• Task to complete: Please retype the records below exactly, from the first line down to and including the line with "5A Emilie Long Wallet".

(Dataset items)
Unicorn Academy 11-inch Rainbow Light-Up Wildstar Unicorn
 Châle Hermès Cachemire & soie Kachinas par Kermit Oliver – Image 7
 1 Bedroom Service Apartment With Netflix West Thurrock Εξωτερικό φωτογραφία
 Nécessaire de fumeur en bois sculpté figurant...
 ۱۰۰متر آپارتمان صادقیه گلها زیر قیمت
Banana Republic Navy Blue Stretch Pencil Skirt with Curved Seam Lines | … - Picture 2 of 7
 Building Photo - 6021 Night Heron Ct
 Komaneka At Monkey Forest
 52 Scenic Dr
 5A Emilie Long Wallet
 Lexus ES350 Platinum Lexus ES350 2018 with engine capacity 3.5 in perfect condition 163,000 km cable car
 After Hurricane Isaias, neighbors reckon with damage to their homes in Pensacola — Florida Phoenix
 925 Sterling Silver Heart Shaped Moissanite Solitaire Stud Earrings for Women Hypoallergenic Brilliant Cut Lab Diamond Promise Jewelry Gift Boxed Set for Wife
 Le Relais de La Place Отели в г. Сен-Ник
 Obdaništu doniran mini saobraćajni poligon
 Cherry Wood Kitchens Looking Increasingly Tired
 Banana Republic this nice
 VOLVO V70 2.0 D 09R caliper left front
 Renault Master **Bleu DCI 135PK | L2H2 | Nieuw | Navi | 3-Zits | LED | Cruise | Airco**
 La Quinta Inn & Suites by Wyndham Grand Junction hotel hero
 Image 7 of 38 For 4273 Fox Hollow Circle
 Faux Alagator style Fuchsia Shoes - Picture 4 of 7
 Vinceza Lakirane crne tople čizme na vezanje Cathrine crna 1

• Solution to the problem:
Unicorn Academy 11-inch Rainbow Light-Up Wildstar Unicorn
 Châle Hermès Cachemire & soie Kachinas par Kermit Oliver – Image 7
 1 Bedroom Service Apartment With Netflix West Thurrock Εξωτερικό φωτογραφία
 Nécessaire de fumeur en bois sculpté figurant...
 ۱۰۰متر آپارتمان صادقیه گلها زیر قیمت
Banana Republic Navy Blue Stretch Pencil Skirt with Curved Seam Lines | … - Picture 2 of 7
 Building Photo - 6021 Night Heron Ct
 Komaneka At Monkey Forest
 52 Scenic Dr
 5A Emilie Long Wallet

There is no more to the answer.